------ Supplied records

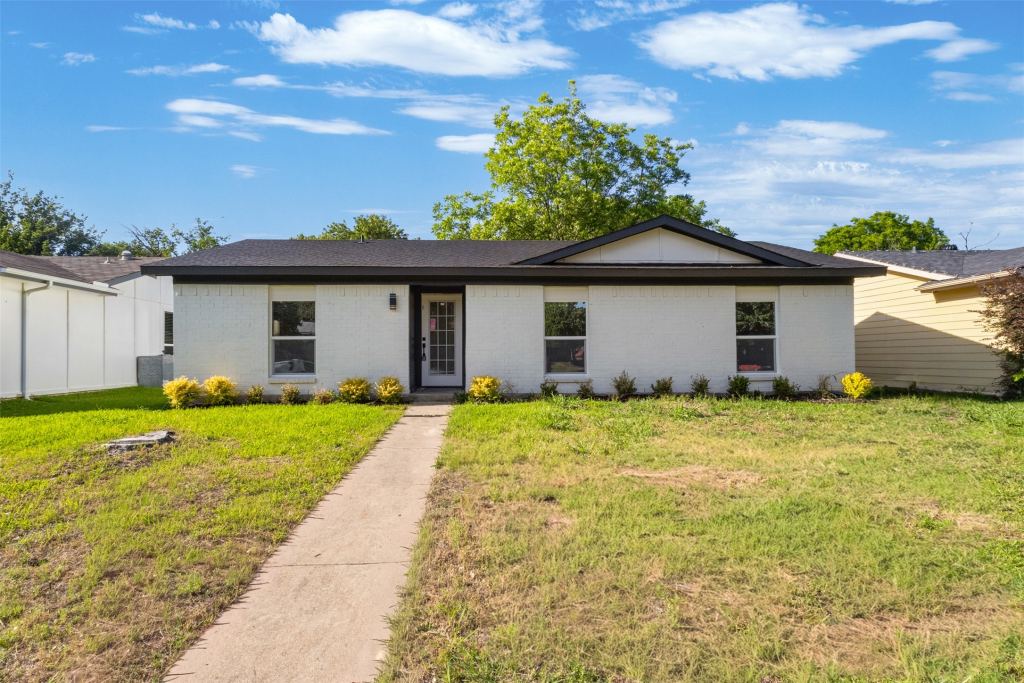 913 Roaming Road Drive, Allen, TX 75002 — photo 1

------------
------ Supplied records

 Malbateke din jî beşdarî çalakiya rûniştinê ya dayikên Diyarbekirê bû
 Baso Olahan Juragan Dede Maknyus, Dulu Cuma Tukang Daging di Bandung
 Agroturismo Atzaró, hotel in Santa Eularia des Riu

------------

(Problem statement):
Which lines above run from the one containing "Baso Olahan Juragan" down to the one containing "Agroturismo Atzaró, hotel"? Repeat exactly those, both ends included, and nothing else.

(Reply to the task):
 Baso Olahan Juragan Dede Maknyus, Dulu Cuma Tukang Daging di Bandung
 Agroturismo Atzaró, hotel in Santa Eularia des Riu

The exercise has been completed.